The Trouble With Ratings Agencies
The following commentary comes from an independent investor or market observer as part of TheStreet's guest contributor program, which is separate from the company's news coverage.
NEW YORK ( TheStreet) -- The European Union has unveiled its much-discussed credit ratings agency reform plan. This comes on the heels of a blunder wherein a major agency accidentally sent an email announcing a downgrade to France's credit rating. (Similarly, the same rater made a $2 trillion math error when assessing the U.S.'s credit worthiness in August.)

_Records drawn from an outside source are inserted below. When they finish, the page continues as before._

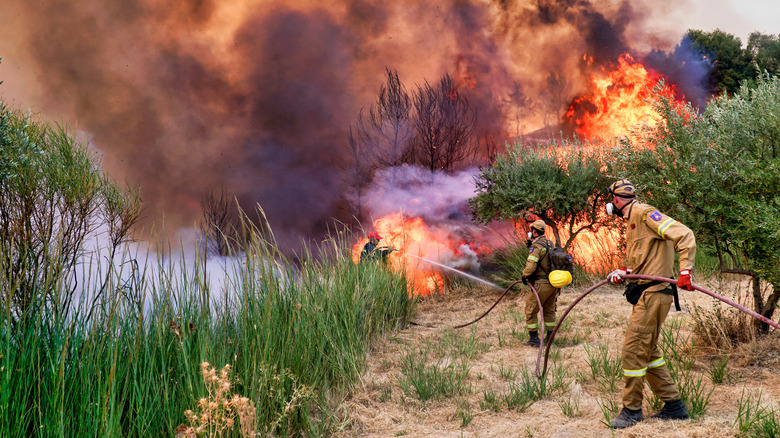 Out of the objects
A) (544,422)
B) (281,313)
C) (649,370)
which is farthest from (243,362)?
(649,370)

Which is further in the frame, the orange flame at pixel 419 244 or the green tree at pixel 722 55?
the green tree at pixel 722 55

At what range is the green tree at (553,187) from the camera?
12.9m

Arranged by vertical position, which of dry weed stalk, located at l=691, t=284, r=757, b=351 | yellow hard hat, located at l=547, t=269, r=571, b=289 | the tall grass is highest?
yellow hard hat, located at l=547, t=269, r=571, b=289

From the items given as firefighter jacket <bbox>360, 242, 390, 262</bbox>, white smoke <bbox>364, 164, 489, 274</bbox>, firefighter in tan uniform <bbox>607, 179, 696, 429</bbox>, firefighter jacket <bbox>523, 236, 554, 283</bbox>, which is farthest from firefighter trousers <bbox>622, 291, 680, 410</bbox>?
white smoke <bbox>364, 164, 489, 274</bbox>

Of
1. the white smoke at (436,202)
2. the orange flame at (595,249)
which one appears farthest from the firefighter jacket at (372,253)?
the white smoke at (436,202)

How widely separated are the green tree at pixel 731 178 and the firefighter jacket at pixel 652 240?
1.70 meters

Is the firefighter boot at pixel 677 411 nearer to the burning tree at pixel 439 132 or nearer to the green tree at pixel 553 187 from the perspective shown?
→ the green tree at pixel 553 187

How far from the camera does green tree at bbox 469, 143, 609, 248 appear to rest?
12.9 meters

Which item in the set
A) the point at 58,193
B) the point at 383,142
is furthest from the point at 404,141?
the point at 58,193

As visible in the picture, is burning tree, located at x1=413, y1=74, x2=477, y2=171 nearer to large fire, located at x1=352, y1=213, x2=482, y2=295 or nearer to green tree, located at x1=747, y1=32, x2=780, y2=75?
large fire, located at x1=352, y1=213, x2=482, y2=295

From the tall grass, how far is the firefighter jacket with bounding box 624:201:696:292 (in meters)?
3.18

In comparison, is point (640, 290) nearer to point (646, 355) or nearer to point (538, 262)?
point (646, 355)

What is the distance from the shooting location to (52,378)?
3.01 meters

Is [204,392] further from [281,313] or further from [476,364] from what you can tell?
[476,364] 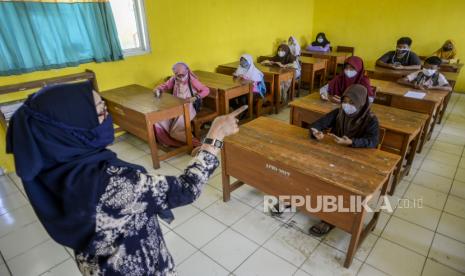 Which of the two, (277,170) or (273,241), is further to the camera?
(273,241)

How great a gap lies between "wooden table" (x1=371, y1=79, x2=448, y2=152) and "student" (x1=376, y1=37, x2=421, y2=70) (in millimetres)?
1038

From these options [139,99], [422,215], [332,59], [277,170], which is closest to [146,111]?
[139,99]

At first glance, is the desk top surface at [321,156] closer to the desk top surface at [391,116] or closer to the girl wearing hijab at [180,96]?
the desk top surface at [391,116]

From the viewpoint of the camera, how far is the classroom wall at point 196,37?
12.6ft

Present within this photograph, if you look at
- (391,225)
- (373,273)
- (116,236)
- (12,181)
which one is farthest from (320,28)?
(116,236)

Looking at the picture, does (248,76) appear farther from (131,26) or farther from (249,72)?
(131,26)

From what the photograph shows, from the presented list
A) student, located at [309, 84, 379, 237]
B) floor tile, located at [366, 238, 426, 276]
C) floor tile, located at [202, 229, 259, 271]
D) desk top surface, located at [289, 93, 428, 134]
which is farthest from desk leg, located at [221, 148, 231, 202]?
floor tile, located at [366, 238, 426, 276]

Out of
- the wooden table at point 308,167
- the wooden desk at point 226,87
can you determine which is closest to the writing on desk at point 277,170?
the wooden table at point 308,167

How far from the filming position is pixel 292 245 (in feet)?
7.14

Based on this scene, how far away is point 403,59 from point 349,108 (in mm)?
3181

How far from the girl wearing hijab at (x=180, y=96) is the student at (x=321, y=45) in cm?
392

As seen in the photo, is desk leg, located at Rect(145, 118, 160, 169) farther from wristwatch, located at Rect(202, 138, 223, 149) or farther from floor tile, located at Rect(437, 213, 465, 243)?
floor tile, located at Rect(437, 213, 465, 243)

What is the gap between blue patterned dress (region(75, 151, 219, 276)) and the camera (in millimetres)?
898

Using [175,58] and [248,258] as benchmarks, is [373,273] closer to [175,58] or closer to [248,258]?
[248,258] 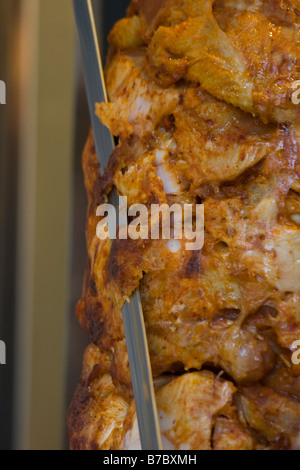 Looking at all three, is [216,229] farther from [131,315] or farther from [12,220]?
[12,220]

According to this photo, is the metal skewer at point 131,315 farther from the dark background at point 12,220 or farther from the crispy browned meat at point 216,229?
the dark background at point 12,220

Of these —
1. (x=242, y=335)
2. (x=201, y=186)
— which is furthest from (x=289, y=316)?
(x=201, y=186)

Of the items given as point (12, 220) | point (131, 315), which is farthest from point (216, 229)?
point (12, 220)

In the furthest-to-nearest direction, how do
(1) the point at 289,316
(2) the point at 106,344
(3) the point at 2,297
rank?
(3) the point at 2,297 < (2) the point at 106,344 < (1) the point at 289,316

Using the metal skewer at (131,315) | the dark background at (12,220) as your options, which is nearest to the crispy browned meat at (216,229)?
the metal skewer at (131,315)

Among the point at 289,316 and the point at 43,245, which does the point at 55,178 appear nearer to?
the point at 43,245

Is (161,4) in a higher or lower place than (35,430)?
higher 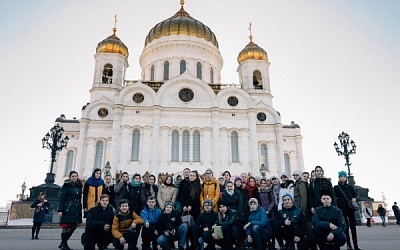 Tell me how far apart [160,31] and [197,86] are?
9.77 meters

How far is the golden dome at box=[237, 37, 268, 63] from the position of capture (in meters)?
30.5

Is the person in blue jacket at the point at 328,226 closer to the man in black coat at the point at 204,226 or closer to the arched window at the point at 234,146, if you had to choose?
the man in black coat at the point at 204,226

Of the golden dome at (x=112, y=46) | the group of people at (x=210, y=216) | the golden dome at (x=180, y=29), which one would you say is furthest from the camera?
the golden dome at (x=180, y=29)

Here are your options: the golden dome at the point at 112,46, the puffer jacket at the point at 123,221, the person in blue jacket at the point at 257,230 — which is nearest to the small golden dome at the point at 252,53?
the golden dome at the point at 112,46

The EU's proposed plan involves mandating a rotation of the credit raters issuers use (almost always
Standard & Poor's). Further, it would allow investors to sue credit ratings agencies and it would mandate they make their rating criteria clear. Meanwhile, America's Dodd-Frank Act has two highly contradictory sections attempting to reform the raters.
While some of these reforms have merit, none target what is in our view a key problem -- the issuer-pays model. Most (save for Dodd-Frank section 939) presume the problem is not enough regulation. But in fact, a major reason the oligopoly exists is this regulation-created issuer-pays model limits the market's ability to self-regulate.

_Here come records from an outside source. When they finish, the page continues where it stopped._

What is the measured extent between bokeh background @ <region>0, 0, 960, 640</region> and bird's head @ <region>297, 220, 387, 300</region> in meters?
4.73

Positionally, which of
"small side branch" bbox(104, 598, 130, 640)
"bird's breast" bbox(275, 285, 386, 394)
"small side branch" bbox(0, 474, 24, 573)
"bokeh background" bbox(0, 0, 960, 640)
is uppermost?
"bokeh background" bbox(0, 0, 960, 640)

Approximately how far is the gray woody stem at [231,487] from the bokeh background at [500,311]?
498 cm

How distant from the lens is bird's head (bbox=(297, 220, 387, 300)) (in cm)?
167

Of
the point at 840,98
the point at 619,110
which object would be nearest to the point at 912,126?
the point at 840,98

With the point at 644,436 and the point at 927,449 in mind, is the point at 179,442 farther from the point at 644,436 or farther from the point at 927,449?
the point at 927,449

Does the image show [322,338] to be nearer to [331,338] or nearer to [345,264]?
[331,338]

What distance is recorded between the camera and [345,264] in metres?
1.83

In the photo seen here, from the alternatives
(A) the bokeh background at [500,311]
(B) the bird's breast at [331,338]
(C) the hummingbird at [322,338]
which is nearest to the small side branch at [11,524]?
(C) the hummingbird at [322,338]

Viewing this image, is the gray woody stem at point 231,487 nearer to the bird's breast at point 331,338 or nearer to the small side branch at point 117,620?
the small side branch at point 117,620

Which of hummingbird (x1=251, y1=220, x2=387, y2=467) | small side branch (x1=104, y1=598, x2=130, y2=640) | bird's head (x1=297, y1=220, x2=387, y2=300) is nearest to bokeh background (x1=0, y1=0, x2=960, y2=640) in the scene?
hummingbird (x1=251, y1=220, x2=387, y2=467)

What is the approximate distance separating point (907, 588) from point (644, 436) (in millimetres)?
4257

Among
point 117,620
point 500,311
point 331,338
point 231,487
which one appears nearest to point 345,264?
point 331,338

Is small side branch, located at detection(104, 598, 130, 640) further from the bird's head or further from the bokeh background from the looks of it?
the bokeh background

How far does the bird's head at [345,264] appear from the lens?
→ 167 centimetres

Built-In BiasWhy is issuer-pays a problem? Imagine you were required to buy a credit score from one of the major credit bureaus (Transunion, Experian or Equifax). Which would you choose? Assuming you're an overall rational consumer, you would likely find the one willing to give you the best score at the lowest price. Maybe you would put them in competition. But since you're the consumer, the credit bureaus would more or less seek to capture your business -- and might be willing to overlook a few nasties in the process. Now snap back to reality: That's not how the consumer credit scoring business works. There, companies extending you credit pay for your rating. (You may occasionally have to buy their report, but the rating has already been tabulated by that point.) Meaning, the numbers are what they are, for better or worse, and they are a fairly accurate reflection (with the occasional error) of your personal credit history. And the ultimate user of the rating pays for it -- not the rated.